La Corte Suprema limita la capacidad del Gobierno federal para desarmar a consumidores de drogas
El caso analizaba la constitucionalidad de la acusación presentada contra Ali Danial Hemani en virtud del artículo 922(g)(3) del Código, disposición incorporada a la Ley de Control de Armas de 1968, que prohíbe la posesión de armas de fuego a quienes sean “usuarios ilícitos” o adictos a sustancias controladas.

Imagen de archivo de la Suprema Corte de Washington DC
La Corte Suprema (SCOTUS) resolvió por unanimidad que la aplicación de una ley federal que prohíbe la posesión de armas a usuarios de drogas vulneró la Segunda Enmienda en el caso de Ali Danial Hemani, un ciudadano estadounidense y pakistaní residente en Texas. La decisión fue redactada por el juez Neil Gorsuch y contó con el respaldo de los nueve magistrados del tribunal.
El caso analizaba la constitucionalidad de la acusación presentada contra Hemani en virtud del artículo 922(g)(3) del Código, disposición incorporada a la Ley de Control de Armas de 1968, que prohíbe la posesión de armas de fuego a quienes sean “usuarios ilícitos” o adictos a sustancias controladas.
Según los hechos recogidos por la corte, agentes federales registraron el domicilio familiar de Hemani en Texas en 2022. Durante la operación encontraron una pistola Glock de 9 milímetros y marihuana. Hemani reconoció ante las autoridades que consumía marihuana “aproximadamente cada dos días”. Más de seis meses después fue acusado por posesión de un arma mientras era usuario de una sustancia controlada.
En su decisión, SCOTUS sostuvo que el Gobierno no demostró que la acusación contra Hemani fuera compatible con la Segunda Enmienda. Gorsuch escribió que el Ejecutivo no había “cumplido con la carga que reconoció tener de demostrar que el procesamiento del señor Hemani es compatible con la Segunda Enmienda”.
La opinión subraya que el tribunal no cuestiona que, en determinadas circunstancias, el consumo ilegal de marihuana u otras sustancias pueda convertir a una persona en un peligro para terceros. Sin embargo, añade que en este caso el Gobierno no intentó demostrar ninguna circunstancia de ese tipo.

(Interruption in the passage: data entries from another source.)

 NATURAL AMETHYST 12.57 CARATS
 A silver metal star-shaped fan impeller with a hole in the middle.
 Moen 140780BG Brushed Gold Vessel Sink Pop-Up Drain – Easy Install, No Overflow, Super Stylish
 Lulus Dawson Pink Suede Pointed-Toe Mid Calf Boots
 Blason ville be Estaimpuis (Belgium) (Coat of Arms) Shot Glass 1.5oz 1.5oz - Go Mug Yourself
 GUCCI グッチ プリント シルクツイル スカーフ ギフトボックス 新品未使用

“No cuestionamos que, en ocasiones, el consumo ilegal de marihuana (o de cualquier otra sustancia controlada) por parte de una persona pueda convertirla en un peligro para otros”, señaló el tribunal. Pero, continuó, el Gobierno pretendía que la Corte concluyera que cualquier persona que consume marihuana de forma habitual es “categóricamente violenta y peligrosa sin necesidad de ninguna otra demostración”.
La defensa del Gobierno
"No abordamos los intentos de prohibir la posesión de armas de fuego a las personas adictas ni a quienes se encuentren actualmente bajo los efectos de sustancias intoxicantes", escribió Gorsuch.

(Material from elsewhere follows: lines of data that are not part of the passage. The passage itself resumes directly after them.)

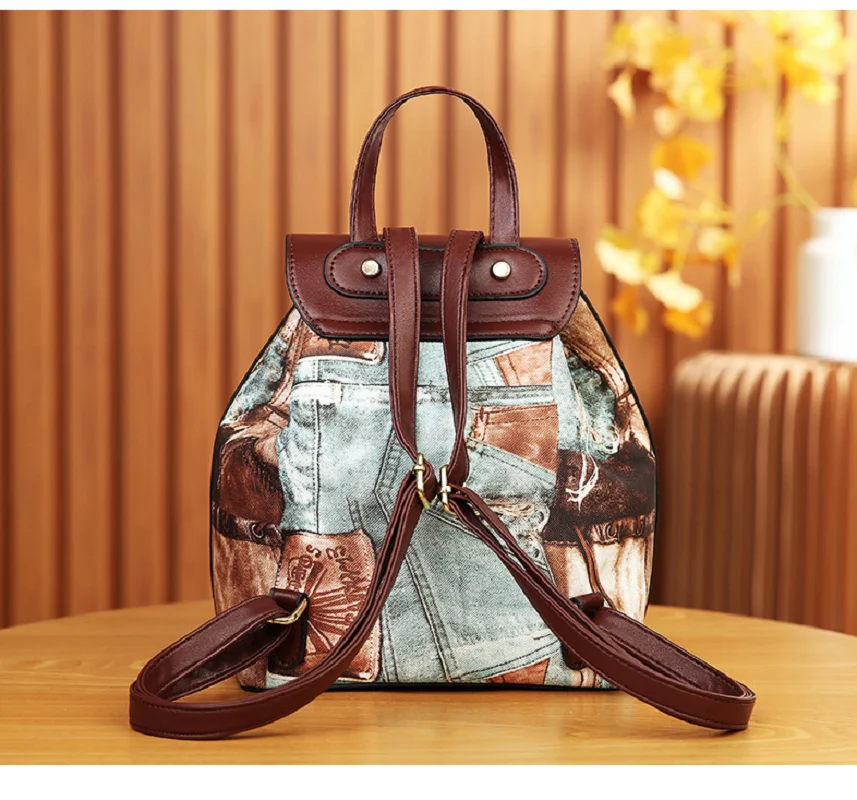 New Arrival Women's Fashion Printing Soft Leather Backpacks Large Capacity Travel Shoulder Bags Totes Crossbody Backpack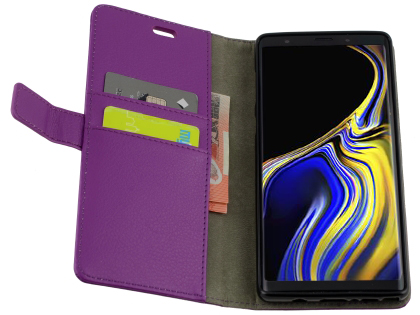 Synthetic Leather Wallet Case with Stand for Samsung Galaxy Note9 - Purple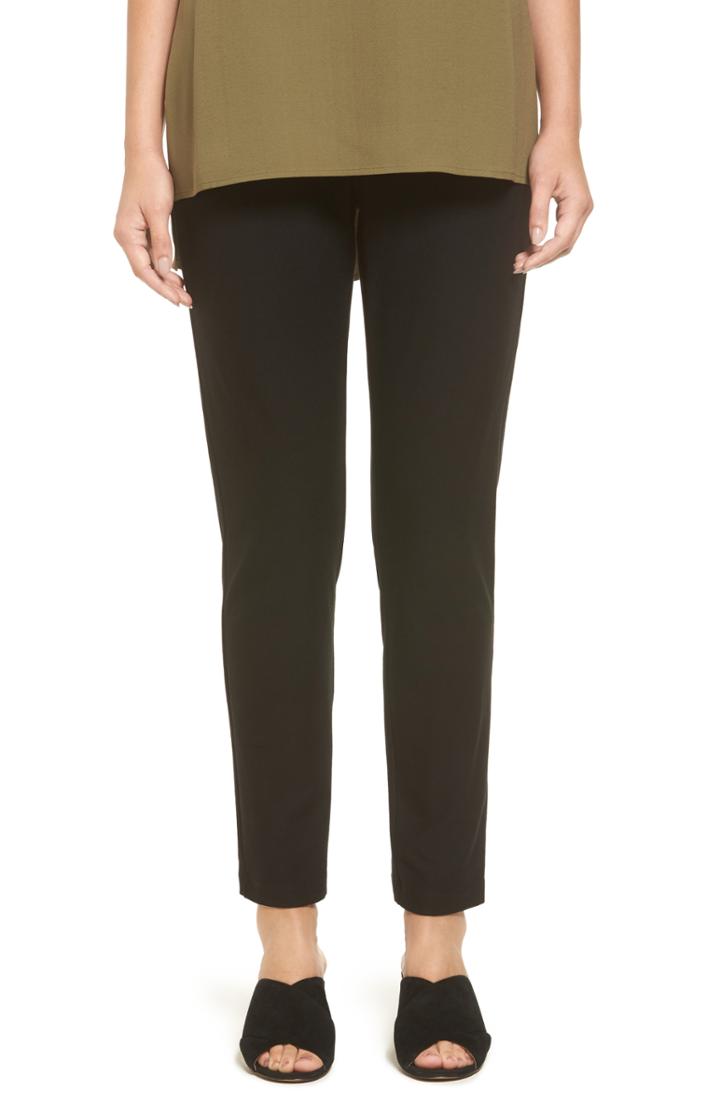 Women's Eileen Fisher Stretch Crepe Slim Ankle Pants, Size - Black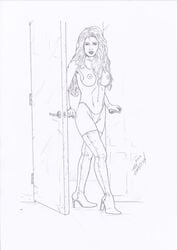 boots breasts casual_exposure door doorway emma_frost female female_only human light_hair light_skin marvel monochrome nipples panties solo tagme tim_grayson topless walking white_queen x-men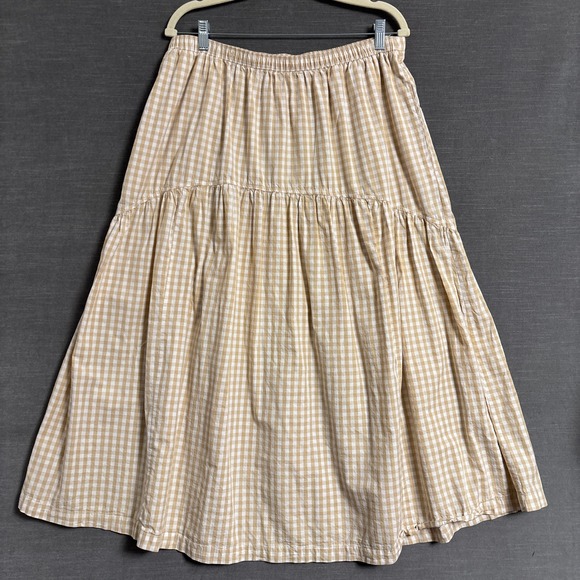 Old Navy Dresses & Skirts - Old Navy Skirt XL Tan Gingham Cotton Curved Tiered Midi Preppy Summer Casual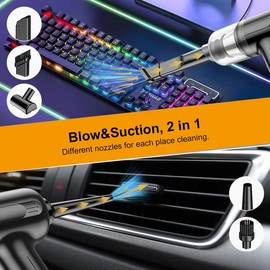 BANKKY Handheld Vacuum Cordless, 2 in 1 Mini Vacuum Cleaner with Brushless Motor 11000PA High Power and Type C, Car Vacuum Portable Cordless with LED Light and Multi-Nozzles for Car, Home, Office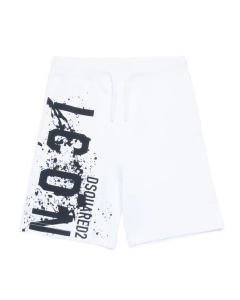 Dsquared White Shorts With Icon Splatter Graphics SS24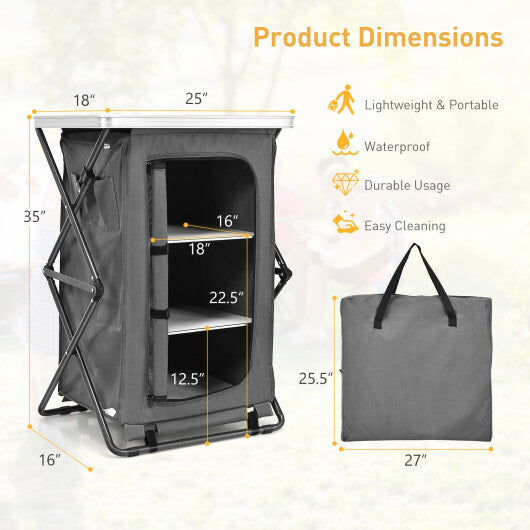 Folding Camping Storage Cabinet with 3 Shelves and Carry Bag-XL W2B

La Administración Trump defendió durante el litigio la validez de la ley federal, argumentando que la combinación de drogas y armas supone un riesgo para la seguridad pública. No obstante, el tribunal confirmó las resoluciones previas de los tribunales federales de Texas y del Quinto Circuito, que habían desestimado la acusación contra Hemani.